• [TASK TO COMPLETE]:
Begin the copy at the line containing "William Morris Ispahan" and end it at the final line of the material below, reproducing each line exactly, without images.

• [RECORDED INFORMATION]:
--------

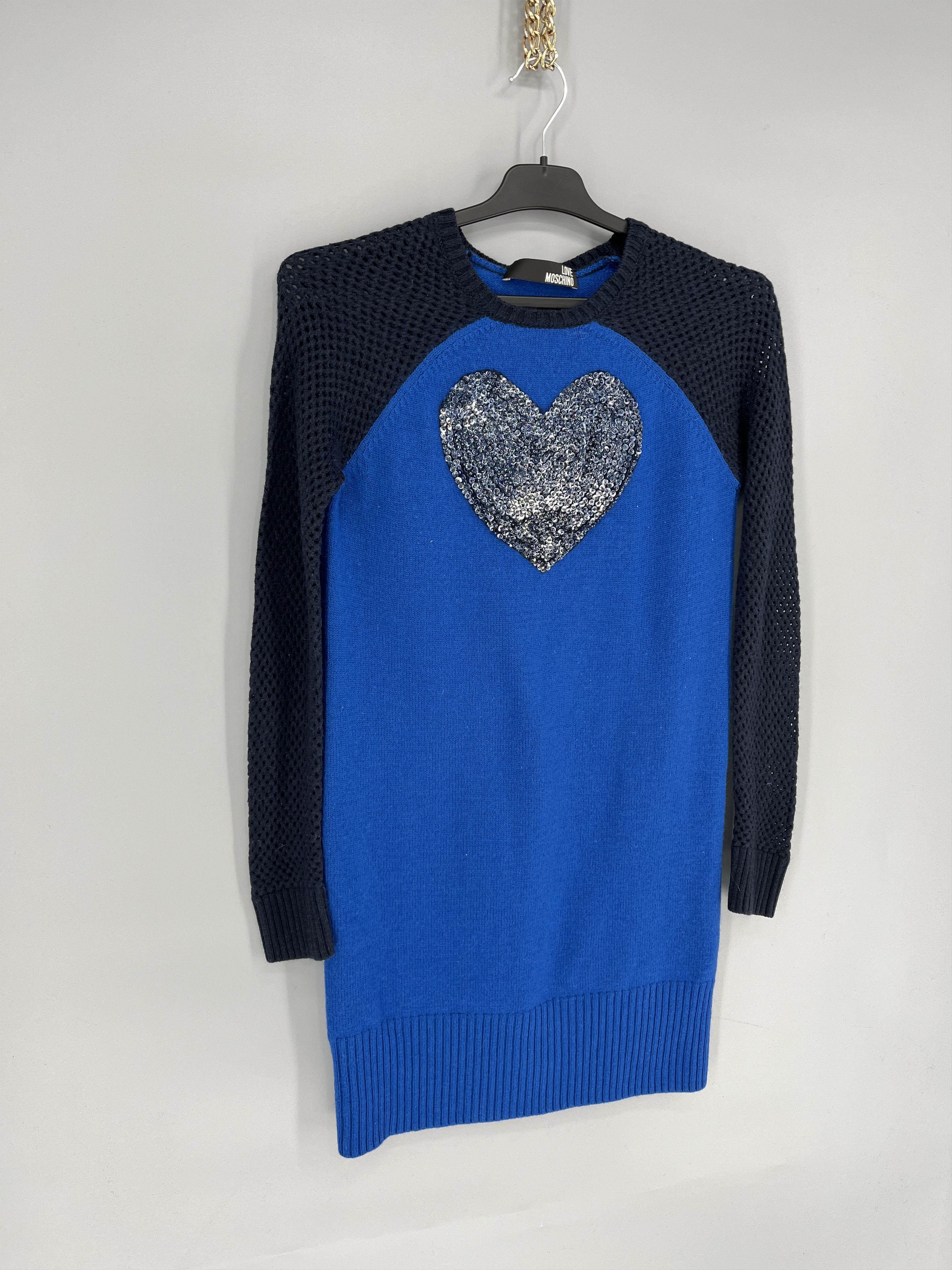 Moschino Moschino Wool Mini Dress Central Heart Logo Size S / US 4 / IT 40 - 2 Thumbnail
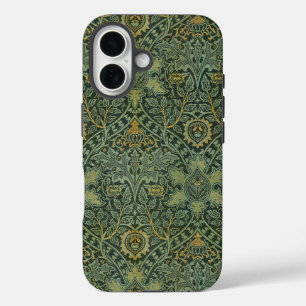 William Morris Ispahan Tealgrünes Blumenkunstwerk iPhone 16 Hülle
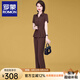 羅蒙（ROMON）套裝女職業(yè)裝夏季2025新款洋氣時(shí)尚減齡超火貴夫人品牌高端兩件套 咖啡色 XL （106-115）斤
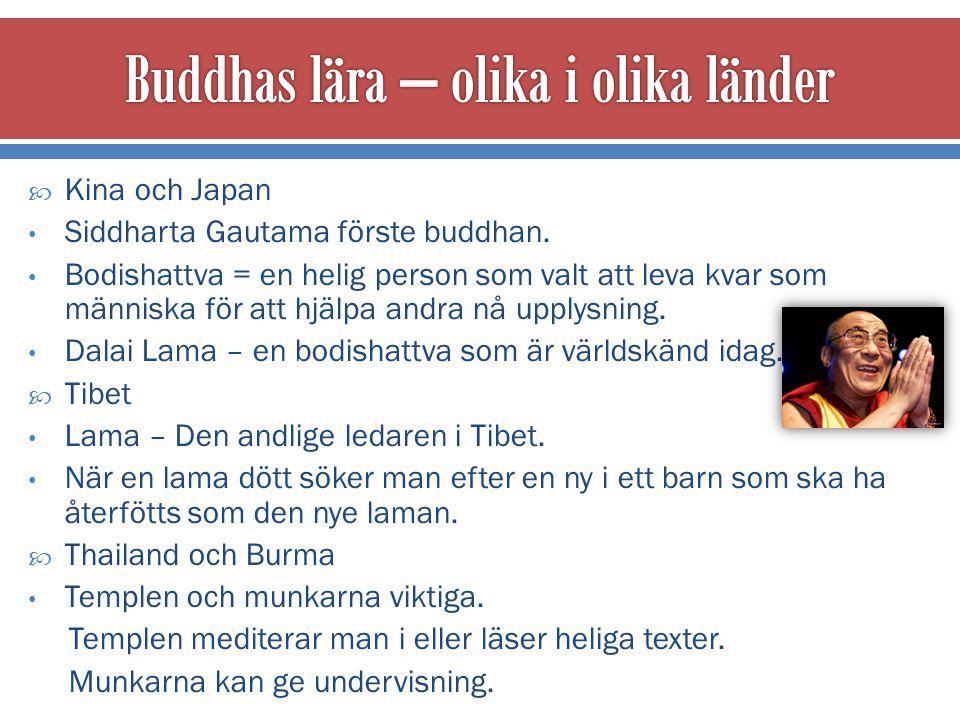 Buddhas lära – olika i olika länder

--------

• [YOUR SOLUTION]:
 William Morris Ispahan Tealgrünes Blumenkunstwerk iPhone 16 Hülle
 羅蒙（ROMON）套裝女職業(yè)裝夏季2025新款洋氣時(shí)尚減齡超火貴夫人品牌高端兩件套 咖啡色 XL （106-115）斤
 Buddhas lära – olika i olika länder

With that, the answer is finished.